I think we might be able to prove this using group theory, I am not sure.

It should be possible to apply this line of reasoning to other Maxwell equations
as well.

I have not seen the above reasoning in introductory physics books. Please comment and
let me know any flaws.

2. Dec 10, 2011

### Liquidxlax

3. Dec 10, 2011

### issacnewton

hi liquid, but is my intuition correct ? that symmetry in charge distribution goes to symmetry
in the electric field produced by these charges ?

4. Dec 10, 2011

### ehild

That is right. Read the article:

http://en.wikipedia.org/wiki/Symmetry_(physics)

ehild

5. Dec 11, 2011

### issacnewton

echild, thanks. I have read that article but this particular information I didn't find there.
Can you point out to the specific information please ?

6. Dec 11, 2011

### ehild

Read "Invariance in force". Very similar to your argument: The symmetry of charge distribution is mirrored in the symmetry of the electric field. But the whole article is useful; remember it.

ehild

7. Dec 11, 2011

### issacnewton

Yes , I read that. Its related. I was wondering how do we prove this mathematically. There must be some way of doing that. I have not seen my approach in David Griffiths's book even though its so simple and elegant. Now I am wondering if I can extend this approach to solve problems in other areas of EM , like currents and relativistic stuff. But I am looking for more mathematical justification for what I am thinking. Some physicists have a nasty habit of using sloppy arguments (Griffiths does that often). I am trying to think like Herman Weyl, who made important contributions to the study of symmetry and he was a mathematician. And using symmetry arguments is so elegant and beautiful.
I have not seen US physics books(introductory, e.g. Young and Freedman, Halliday and Resnick , Griffiths's EM) using the kind of argument I gave here to solve physics problems.

thanks

8. Dec 11, 2011

### ehild

Physicist do use symmetry arguments, mostly intuitively. I can not help you to find a rigorous prof now.
See Noether's theorem http://en.wikipedia.org/wiki/Noether's_theorem if you want to dive in the problem. It is very interesting that every symmetry involves a conservation law.

ehild

9. Dec 11, 2011

### issacnewton

ehild, well , probably my arguments ultimately follow from Noether's theorem. This theorem is not taught widely in physics courses, which is sad. Its the symmetry which gives lot of elegance to physics.......

10. Dec 11, 2011

### ehild

You are right. Also study Group Theory.

ehild

11. Dec 11, 2011

### issacnewton

Hello ehild

But it seems that the symmetry in current distribution doesn't always go into the symmetry of the magnetic field. Consider infinite uniform surface current $\mathbf{K}=K\;\hat{\mathbf{x}}$
flowing over the xy plane. here the magnetic field would be

$$\mathbf{B}=(\mu_o/2)K\;\hat{\mathbf{y}} \quad\mbox{for}\;z<0$$

$$\mathbf{B}=-(\mu_o/2)K\;\hat{\mathbf{y}} \quad\mbox{for}\;z>0$$

So we can see that the current has reflection symmetry in xz plane but the magnetic field doesn't have such reflection symmetry. So what do you think the reason is ?

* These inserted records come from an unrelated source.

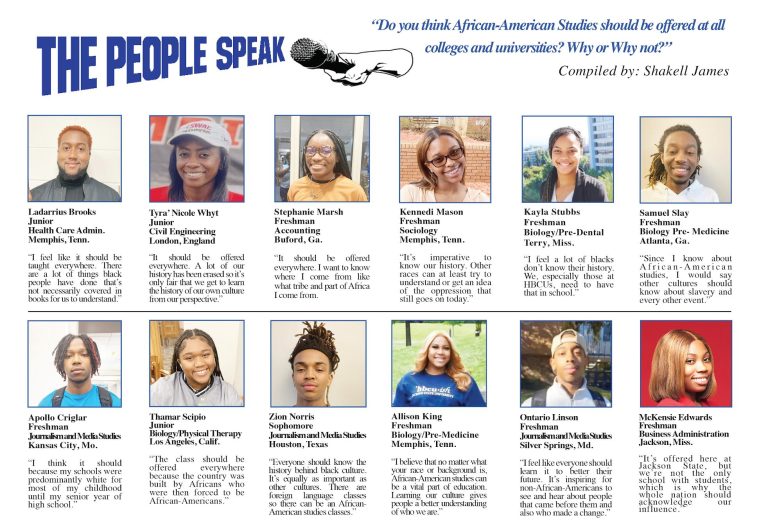 People Speak: “Do you think African-American Studies should be offered at all colleges and universities? Why or Why not?”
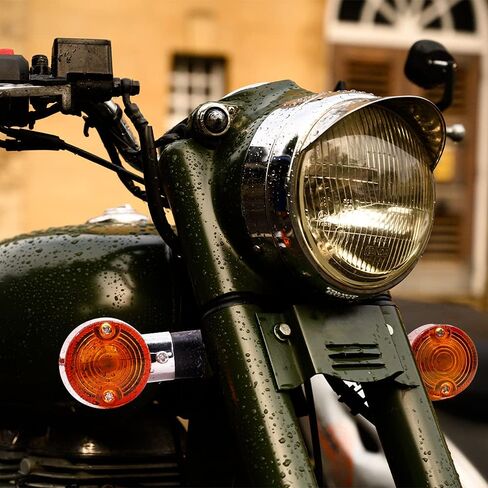 4PCS Motorcycle Turn Signal Lights Motorbike Indicators Universal Motorcycle Front Rear Blinker Indicator Lamp Amber for Motorcycle Scooter Quad Cruiser Bobber Chopper in Saudi Arabia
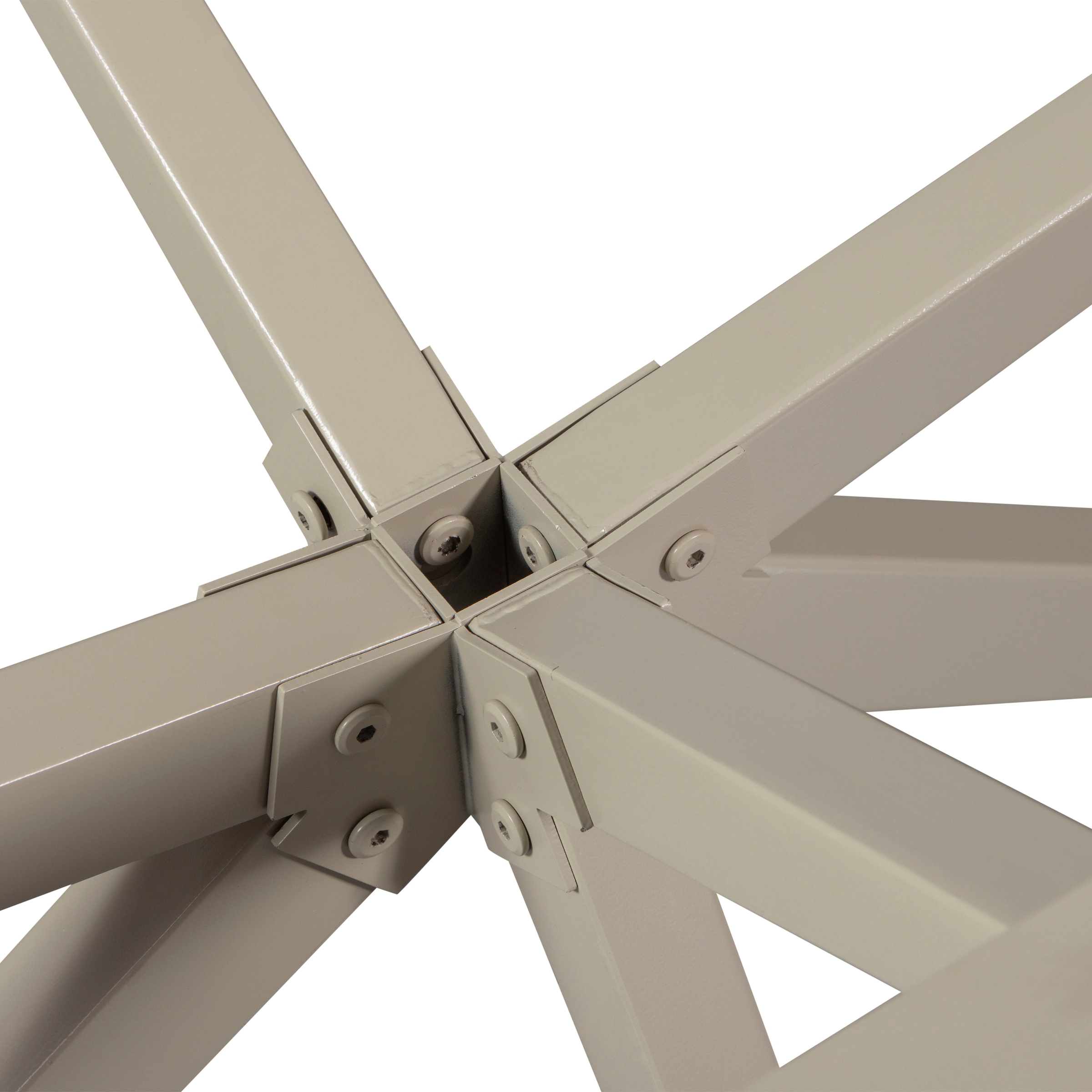 WOOOD Pied de table »Tablo Holland aus Metall mit Pulverbeschichtung Ø 80 x H 72 cm« structure croisée Ø 3,5 cm, capacité de charge 120 kg, facile à monter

But if we look at the vector potential in this case,

$$\mathbf{A}=-\frac{\mu_o K}{2}\lvert z \rvert \hat{\mathbf{x}}$$

it does have the symmetry of the current. So what do you think ?

12. Dec 11, 2011

### ehild

For keeping symmetry during some operation, the operation itself has to by symmetrical.
If two things like charge and electric field or current density and magnetic field are related with some operator u=Hv, and there is a symmetry operation A so that Ax=x, u will be unchanged under the operation A if H itself has the symmetry:

Au =u => A(Hx)=AHA-1Ax=AHA-1(Ax)=AHA-1x,

AHA-1 is the transformed of H, and it should be equivalent with the original H.

The relation between current density i and magnetic field B/μ is given by the Maxwell equation curl(B/μ)=i . The curl operation is not symmetric for reflection.

In case of electric field and charge distribution ρ, div(εE)=ρ, the E has the symmetry of ρ if ε is also symmetric, as the divergence operation is a symmetric.

All what I wrote can be wrong. I am very sorry, I do not know enough for such discussion. I used to know more but it was very long time ago. Start a new thread in General Physics, you certainly will find people much better than me to discuss this topics. They do not join to this thread here in Homework section as they think you get enough help from me. But this is not homework any more.

ehild

13. Dec 12, 2011

### issacnewton

ehild,

should I start a new thread or can somebody just move it to general physics. ?

14. Dec 12, 2011

### diazona

The whole point of using symmetry principles to deduce solutions is that you don't have to do it mathematically.

But if you do want to justify the symmetry argument with math, it's basically what ehild wrote in the next-to-last post. You would start by enumerating the transformations "of interest," which in this case are those transformations that leave the charge density field $\rho(\mathbf{r})$ invariant: translation and rotation in the x-y plane, plus reflection in the z axis. But we don't yet care that they leave $\rho$ invariant; for now they are just transformations.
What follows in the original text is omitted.